Il est essentiel de pouvoir évaluer les pertes de chance des malades en cas de pénuries de médicaments. La crise de la Covid-19, sur ce point, permettra peut-être de faire avancer les choses car les ruptures d’approvisionnement de médicaments dans les services de réanimation ont permis de mettre en lumière le problème des pénuries.
Suite à la crise liée à la Covid-19, un rapport d’initiative sur les pénuries au niveau européen a d’ailleurs été voté par la commission santé et environnement du parlement européen. La Ligue contre le cancer a porté des amendements sur ce texte, notamment sur l’importance de réaliser des études sur les conséquences de ces pénuries pour les personnes malades. Cet amendement semble avoir été adopté.

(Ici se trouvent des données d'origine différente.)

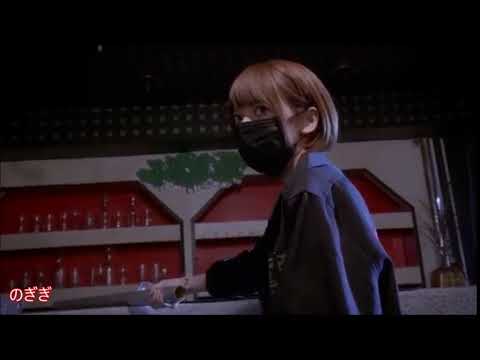 橋本さんがかっこいい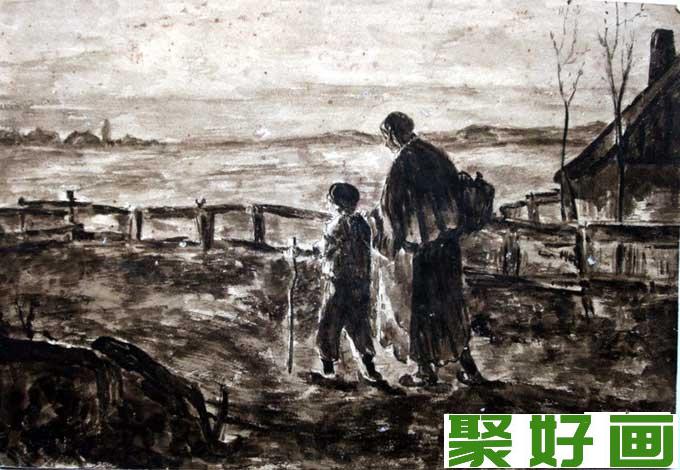 前苏联怀旧老<a href=../zhonglei/banhua/ target=_blank class=infotextkey><a href=../zhonglei/banhua/ target=_blank class=infotextkey>版画</a></a>欣赏：版画插画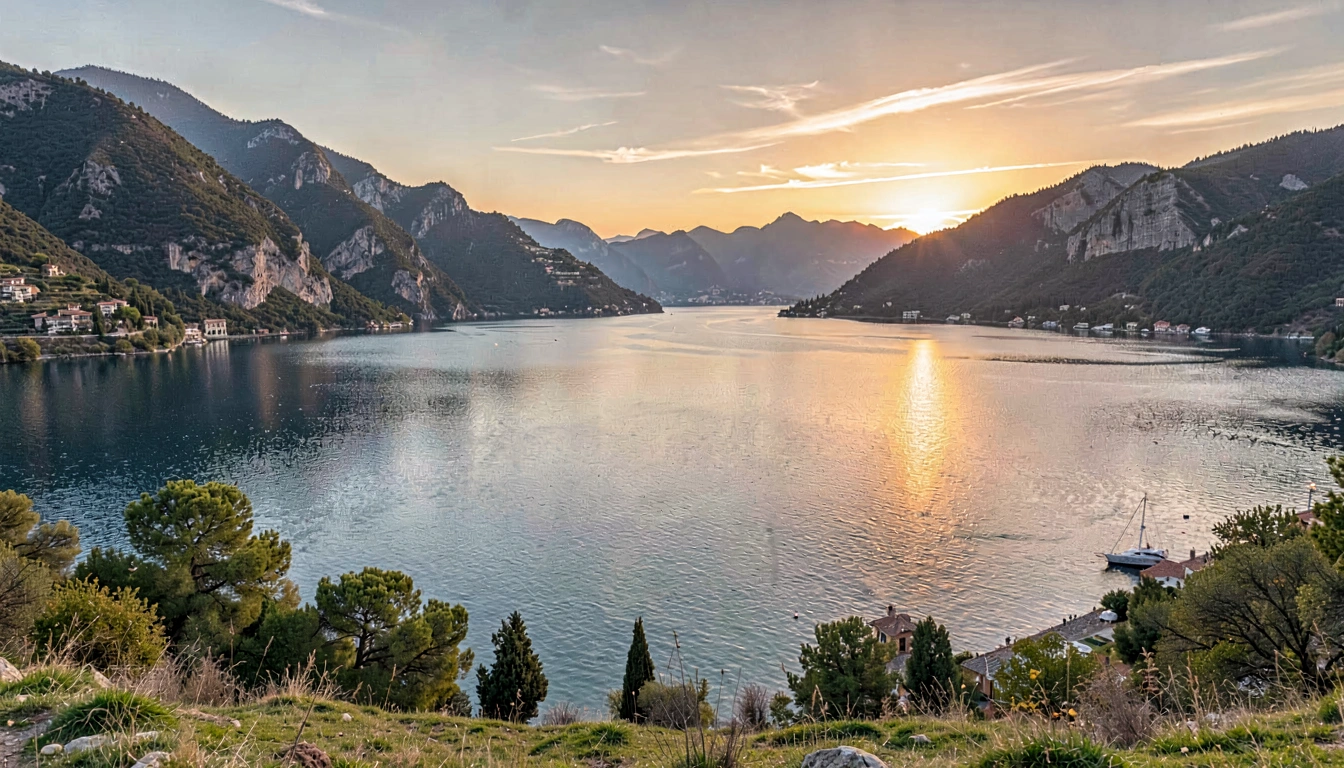 Tour de Barco pelas Ilhas ao Redor de Granada - foto principal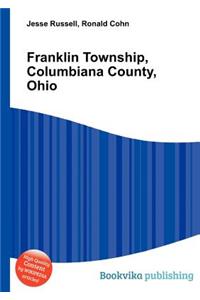 Franklin Township, Columbiana County, Ohio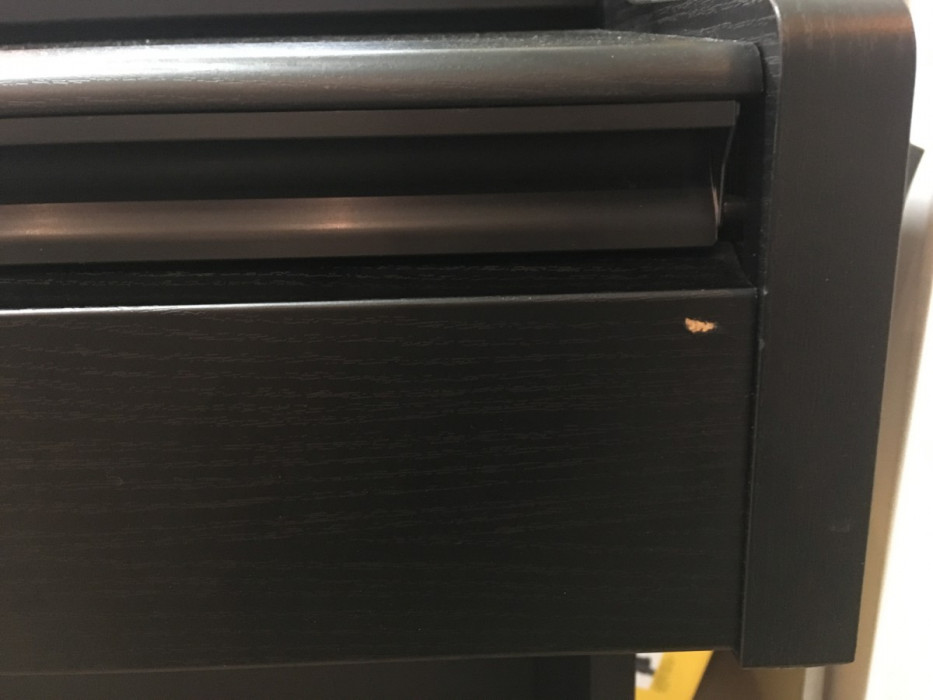 Hlavní obrázek Klávesy YAMAHA Arius YDP-163B B-STOCK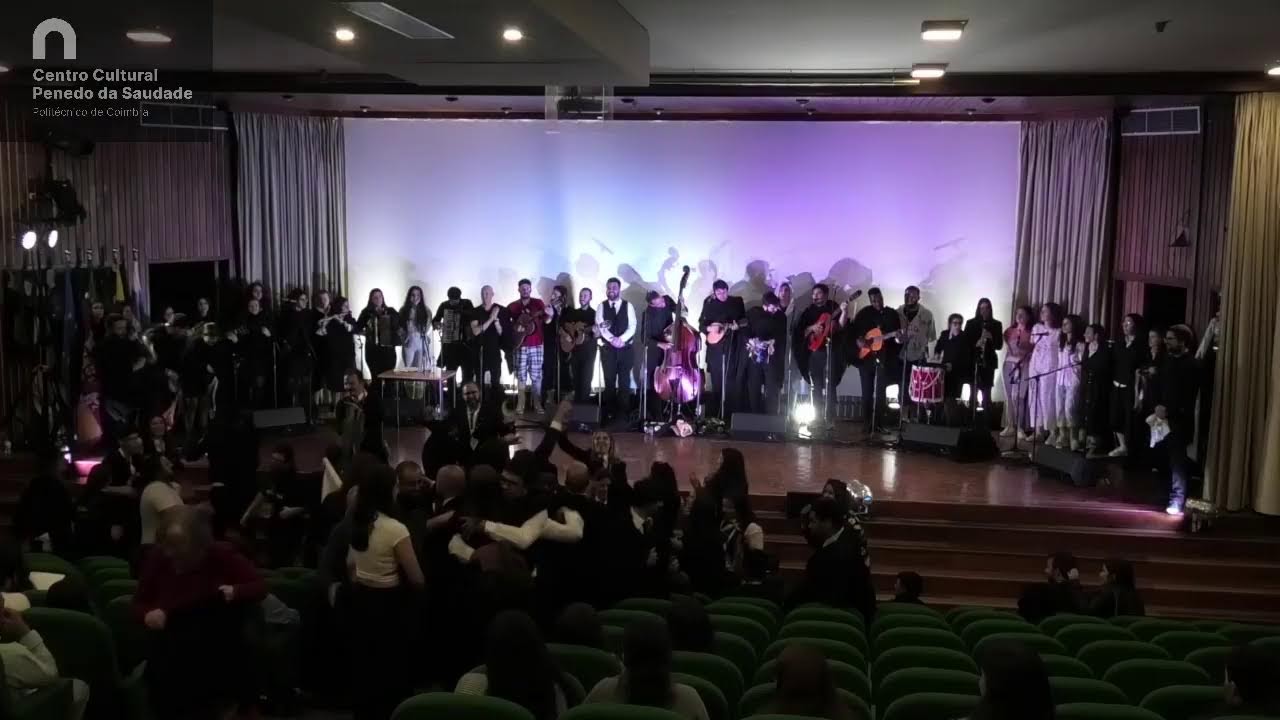 XV Fast-A Noite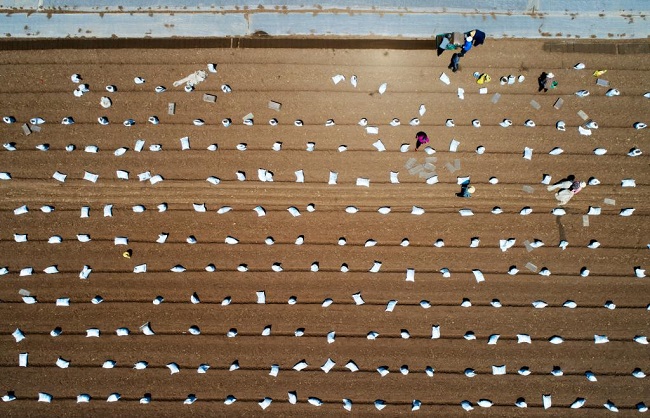 ?рб?р к?шет ?ш?н тынымсыз е?бек керек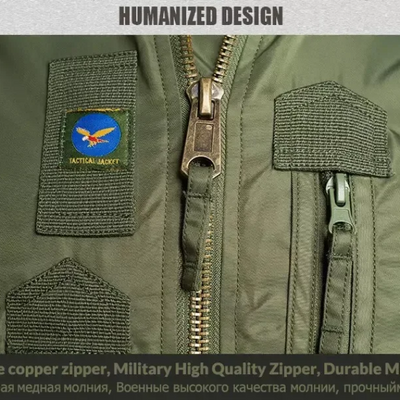 Mantlog - Wintermantel Männer mit Kapuze, Wasser- und winddichte Outdoor-Jacke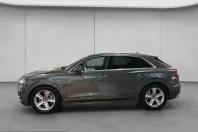 Audi Q8 din 2022 cu 34.123 km - oferta AUD229534 - foto 2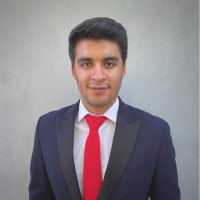 Tiago Pinto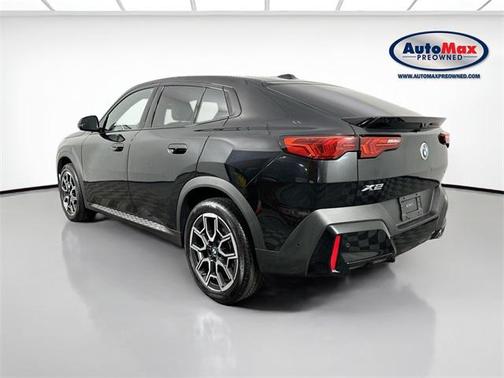 2024 BMW X2 xDrive28i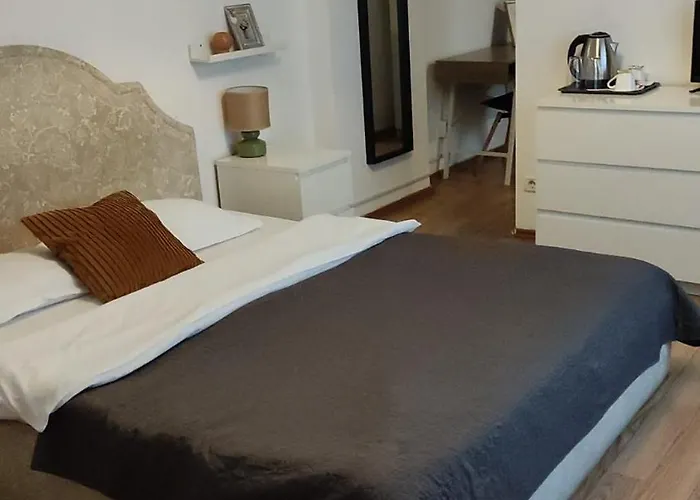 Smart 부쿠레슈티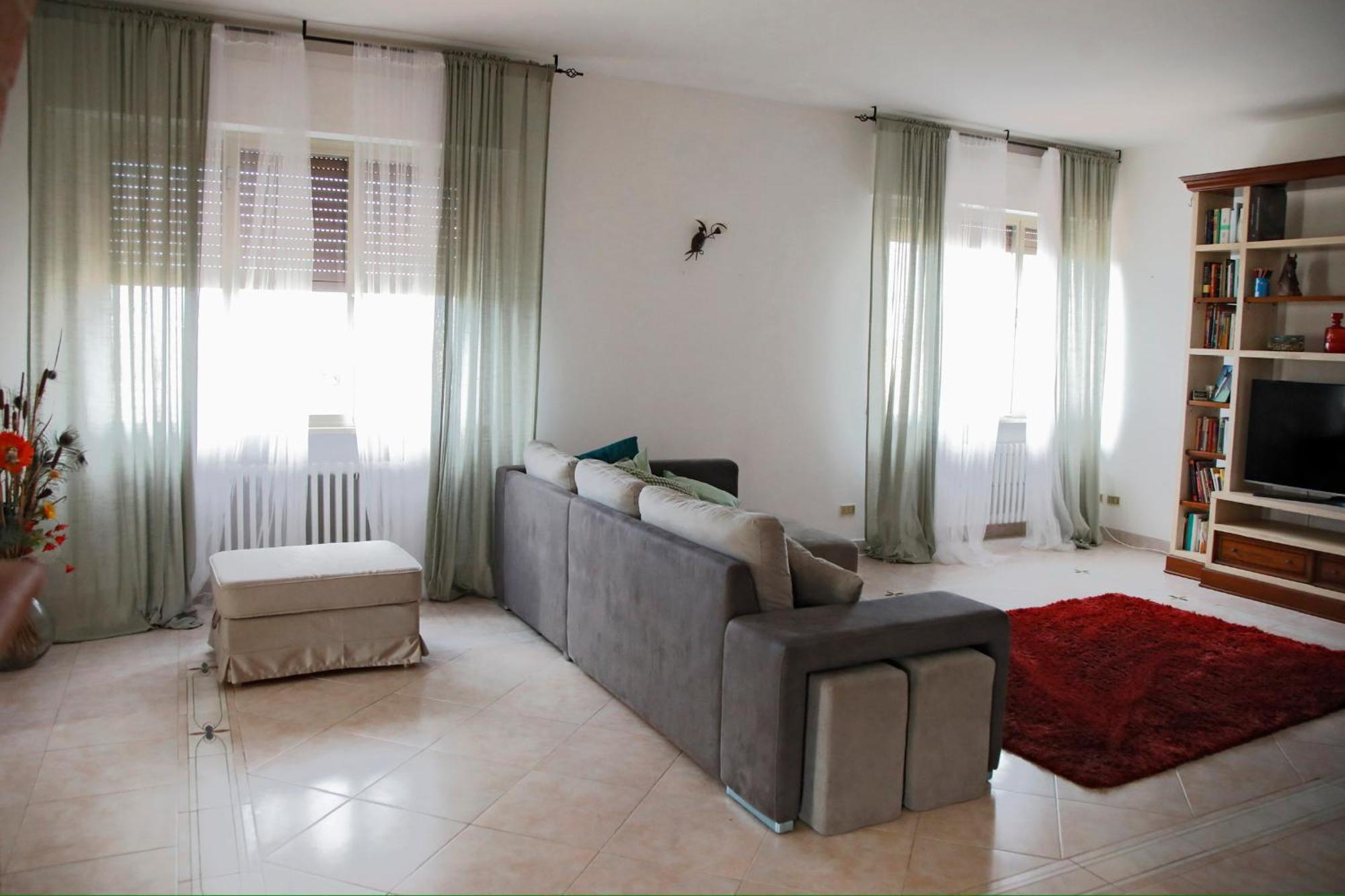Апартаменты Casa Di Katia Коллесальветти Экстерьер фото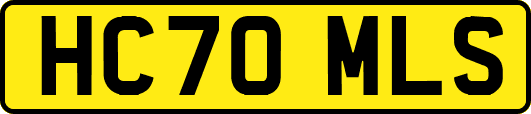 HC70MLS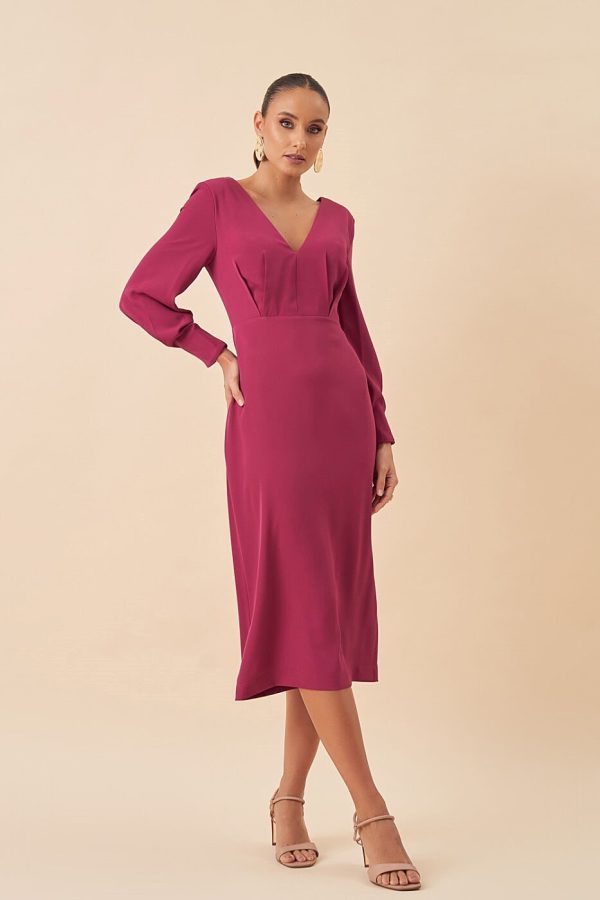 Vestido Midi Miranda-Imagem 4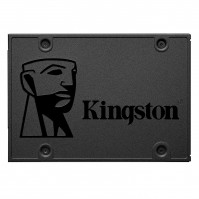 Ổ SSD Kingston SA400 120Gb (SATA3/ 2.5Inch/ 500MB/s/ 320MB/s)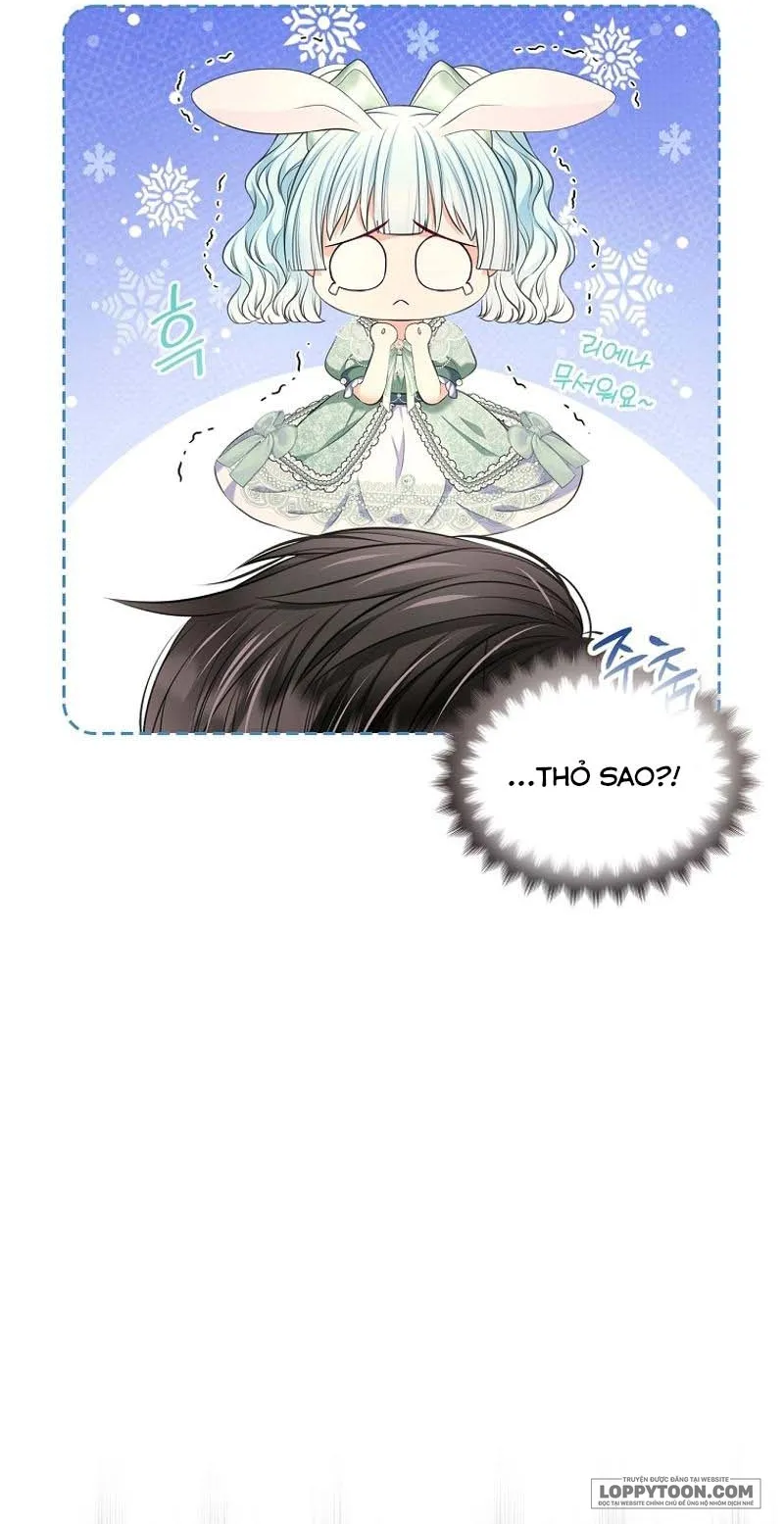 Tôi Sẽ Ly Hôn Với Anh Trai Nữ Chính - Chap 63 - Trang 25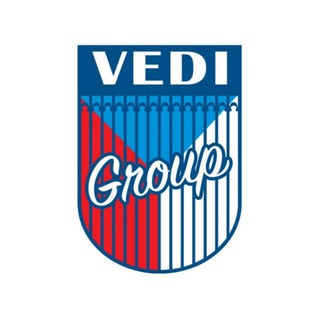 Логотип канала vedigroup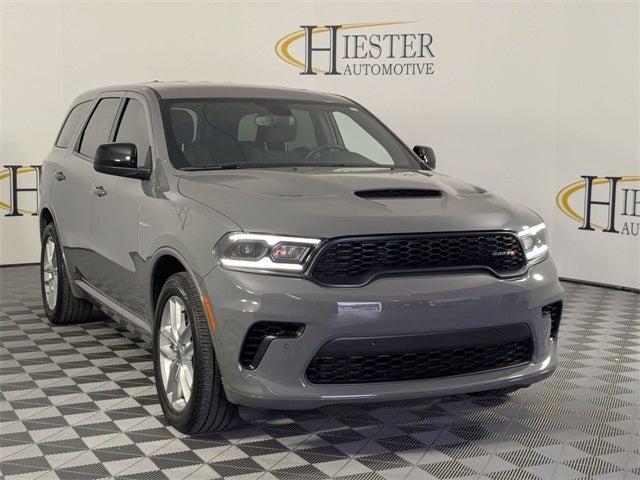 2024 Dodge Durango R/T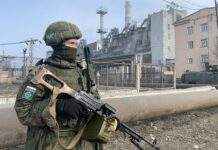 На Донбасі знищили підрозділи з російськими курсантами і строковиками, – СБУ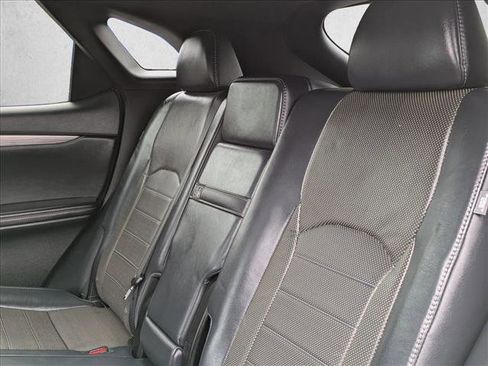 Used 2018 Lexus RX 350 F Sport w/ Accessory Package AWD/4WD image 21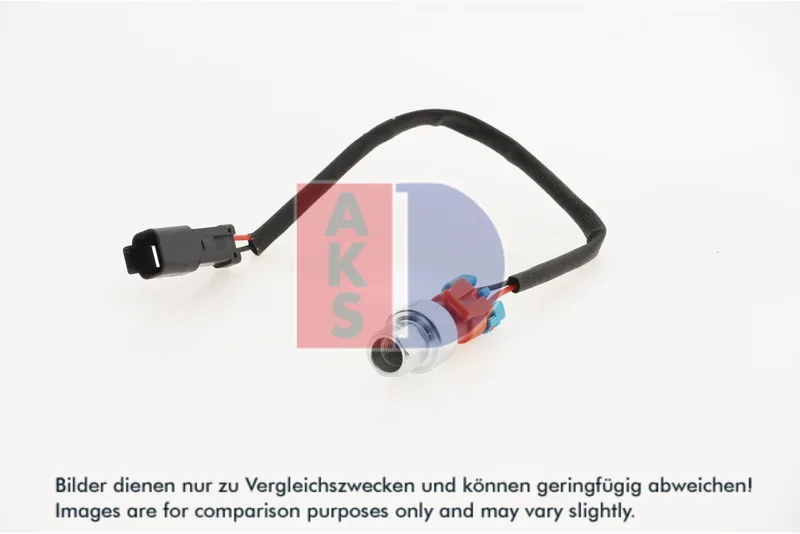 860202N Comutator presiune, aer conditionat AKS DASIS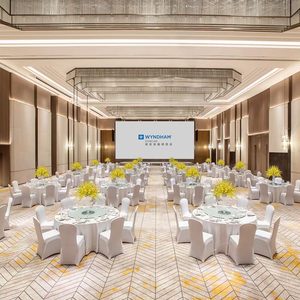 Hotel Banquet YLEU-2023-045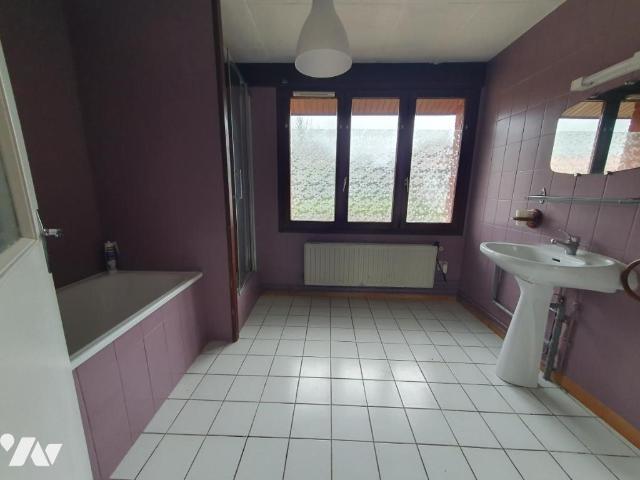 Maison en vente à Roclincourt, Hauts de France, 189000€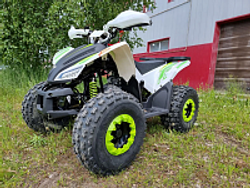 КВАДРОЦИКЛ PROMAX SPORT - PRO 180 (2025)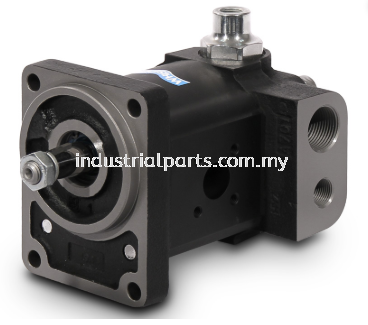 Casaapa WHISPER Gear Pump Casappa Pump, Motor & Filters Hydraulic Pump / Hydraulic Motor / Hydraulic Valve / Hydraulic Filter Selangor, Malaysia, Kuala Lumpur (KL), Shah Alam Supplier, Suppliers, Supply, Supplies | Starfound Industrial Sdn Bhd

Quelles sont aujourd’hui les demandes de la Ligue contre le cancer face aux pénuries de médicaments en cancérologie, notamment à la lumière de cette étude ?
La Ligue demande que les pouvoirs publics recensent les médicaments auxquels les malades n’ont pas eu accès et qui étaient prescrits en premier lieu. Il faut bien comprendre que pour une maladie aussi grave, les patients ressentent un choc émotionnel lorsqu’ils apprennent qu’un médicament prescrit dans leur traitement contre le cancer n’est pas disponible. L’étude montre d’ailleurs que 70% des malades apprennent la rupture d’approvisionnement d’un médicament par le pharmacien en ville. Le problème est que les médecins ont difficilement accès aux informations concernant la disponibilité en temps réel des médicaments qu’ils prescrivent. Il est important, faute de pouvoir pour le moment régler les causes des pénuries, de mettre au point un système d’informations accessible, autant par les pouvoirs publics, que par les médecins ou les pharmaciens, concernant les ruptures de stock en cours, et d’y adjoindre un historique de ces indisponibilités pour agir efficacement auprès des laboratoires. Un bon système d’information sur les pénuries en temps réel éviterait les difficultés d’annonce des ruptures de stock aux patients par les pharmaciens de ville et éviterait également aux patients de faire parfois toutes les pharmacies de leur quartier dans l’espoir de trouver le médicament prescrit. L’étude n’a pas exploré ce qui se passe quand un patient ne trouve pas son médicament, mais il serait intéressant de l’envisager. Le patient rappelle-t-il son médecin pour avoir une alternative ? Renonce-t-il tout simplement à ce médicament ? Cela permettrait d’affiner l’évaluation des éventuelles pertes de chance pour les personnes malades.